When participating in an auction league with no trading, there is little-to-no margin for error. No other owner is going to be knocking on your door looking to take your third closer off your hands. If your team is unbalanced, you can’t trade hitting for pitching or even speed for saves. You can win an auction many different ways, but many auction owners can lose the battle during the auction. Every year the player pool will change slightly. Your job as an owner is to evaluate the inventory and come up with a plan you can execute at the draft table. If you come away with enough pieces to the puzzle, you can manage your way to a championship.
Whatever game plan you decide, you must be ready to adjust if you don’t get your key players. A common mistake Fantasy owners make is hoping the players they want don’t get called out early. It sounds good in principle, but the problem is all the other good players are coming off the board while you are sitting back holding your money. If you wait and miss on your targeted players, you will have limited options left to build your team.
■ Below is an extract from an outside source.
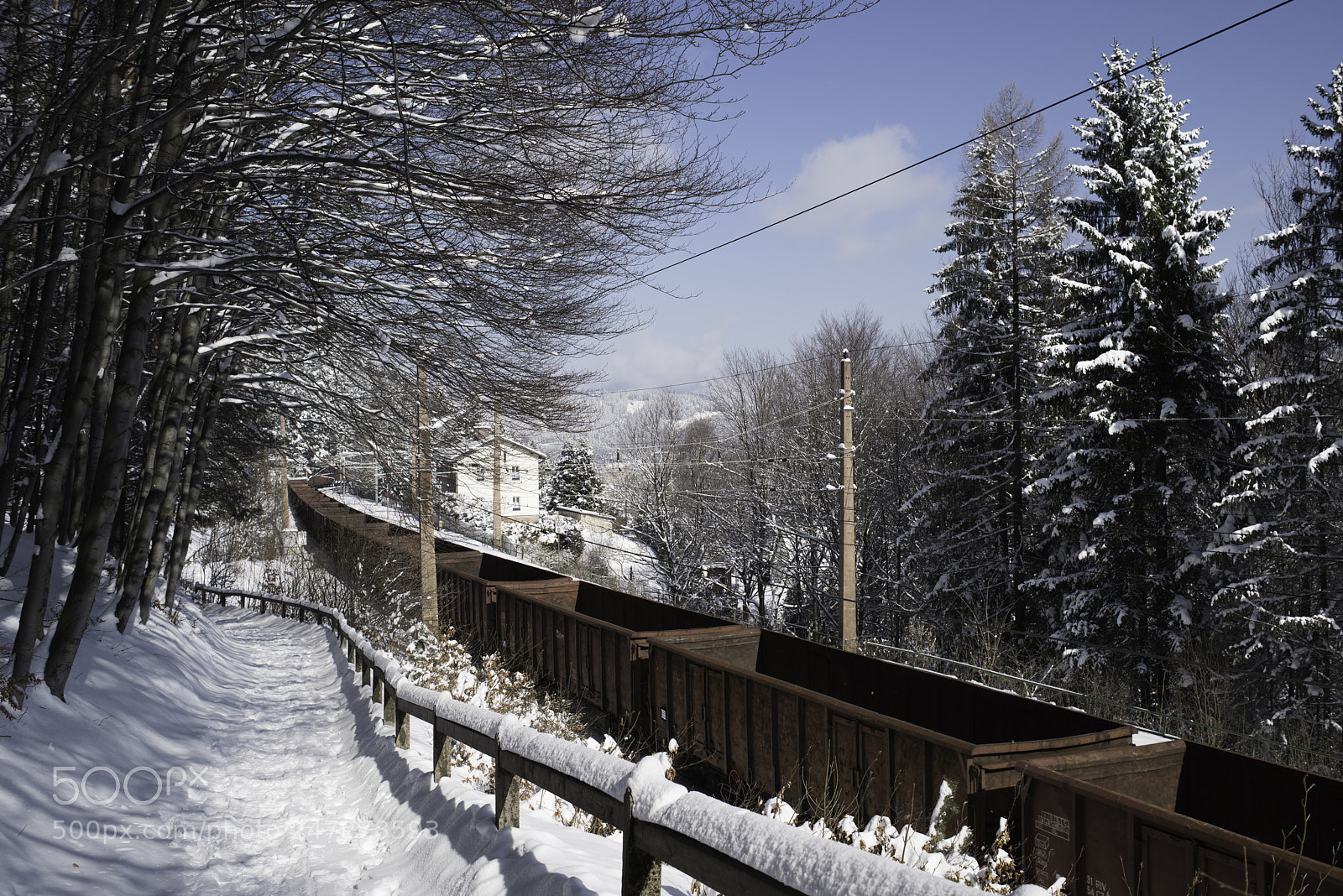 Nikon D810 sample photo. Semmering photography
This is why I believe it is important to get your key players called out as quickly as possible. If you want a player in the auction, and you think he is the key to your team winning, I would want to call him as soon as possible. By doing this, you find out how much he is going to cost you (higher or lower than your predicted price points) or if you need to start looking for someone else to build your team around. The quicker you know where you stand on key players; the better chance you have of executing your plan or adjusting on the fly.
For example, let’s say I wanted to build my team around Mike Trout and I believed he has a chance at 30+ HRs and 20+ SBs with a target value of $43. If I miss on him, I will need to find another player to fill some of his skill set or make a major adjustment to another stud player that will force me to find a different combination of players behind him. Maybe I drop down to J.D. Martinez as my lead bat with a target of Byron Buxton as my number two batter to get me in the game in speed if I miss on Trout. If Martinez is called out before Trout, this plan would have one fewer elite option to build around.
The other option is not missing on your targeted core player or players by overpaying with the theory of making up the lost dollars later in the auction.
During the auction, it is important to focus on your game plan early while not worrying about how the other owners are spending their money. I see a lot of fantasy owners get aggravated when one or more Fantasy owners hold onto their money. They are so concerned that these other owners who may overbid them on a key player that they end up altering their auction strategy. If you spend $185 on ten players and another owner has spent $40 on two players, he is eight players behind you. He will think he has all the power in the world with the big stack, but the truth is someone will always be bidding against him. Each of the other owners will also need players. The owners with loads of cash left will be competing with at least one owner most of the time for each player when he tries to fill his roster. This will force him to pay full price or a premium on many players even in the middle part of an auction.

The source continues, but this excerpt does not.